History Term Paper Jack Conway Mr. Hilgendorf February 25, 2013 Word Count: 3234 Reconstruction: Rebuilding America The United States was founded on the belief that every man has “certain inalienable Rights. ” Not until ninety years later, however, when slavery was abolished did the United States actually offer these “Rights” to all of its citizens. The 19th century was turbulent time of stress and change for America. One of the most controversial dilemmas was the issue of slavery. Slavery was conceived by many to be morally wrong, and it undermined America’s most valued beliefs.

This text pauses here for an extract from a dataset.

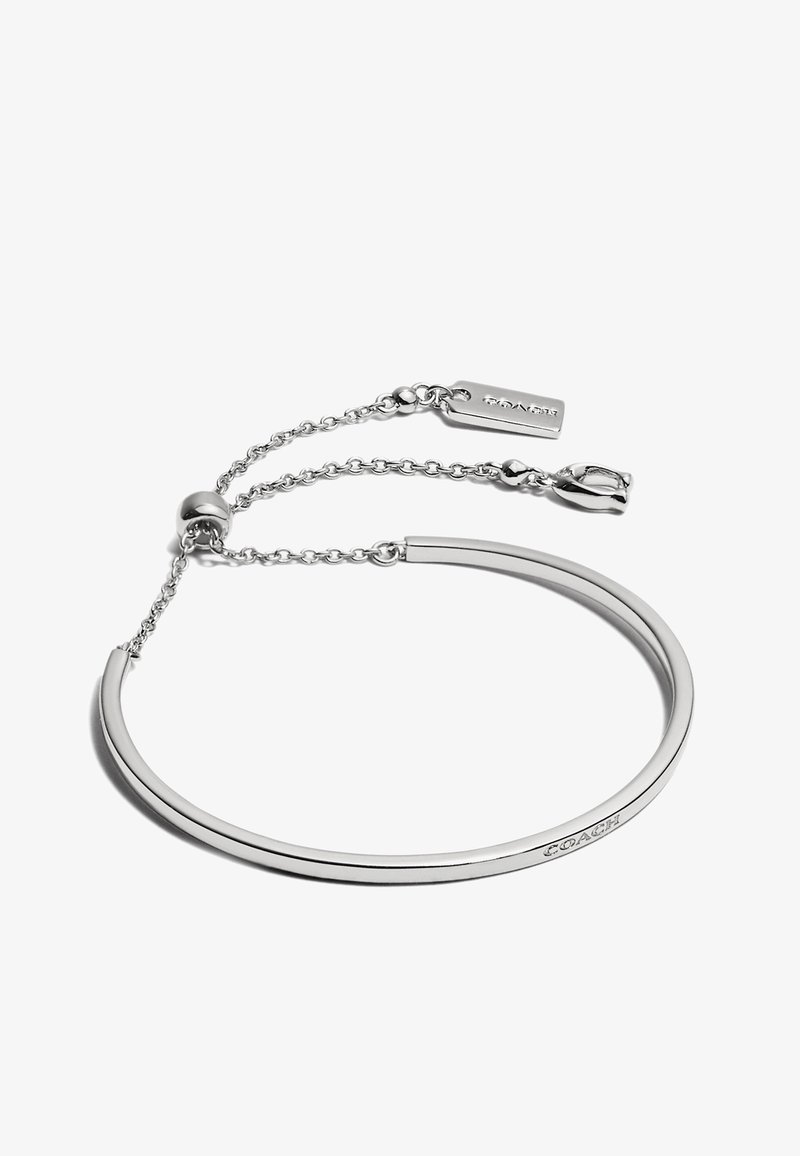 Bracciale dual-band in argento con finitura liscia e lucidata. Presenta un'estensione a catena, un moschettone a sfera e dettagli incisi sulla targhetta.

Despite this inconsistency, slavery was still widely supported and permitted out of economic necessity in the South. Slavery divided the nation in half. The economy of the South was primarily agricultural production on plantations. This form of economy made slavery vital to the state of the South. In the North, The economy was primarily industrial, which eliminated the dependency on slavery much earlier. Because of the vastly different economic bases of these two regions, their culture and views of the world begin to shift apart.
On top of economic dissimilarities, conflict between the North and the South grew because of cultural and political differences. After the first openly anti-slave president, Abraham Lincoln, was elected, the South eventually seceded from the Union launching the American Civil War. The South fought to become its own nation while the North fought to bring the nation back. Eventually, because of a significantly larger population, more supplies, and superior logistics, the North won and the South was forced back into the Union. Both sides were hurt badly by the war, losing a substantial number of people and resources.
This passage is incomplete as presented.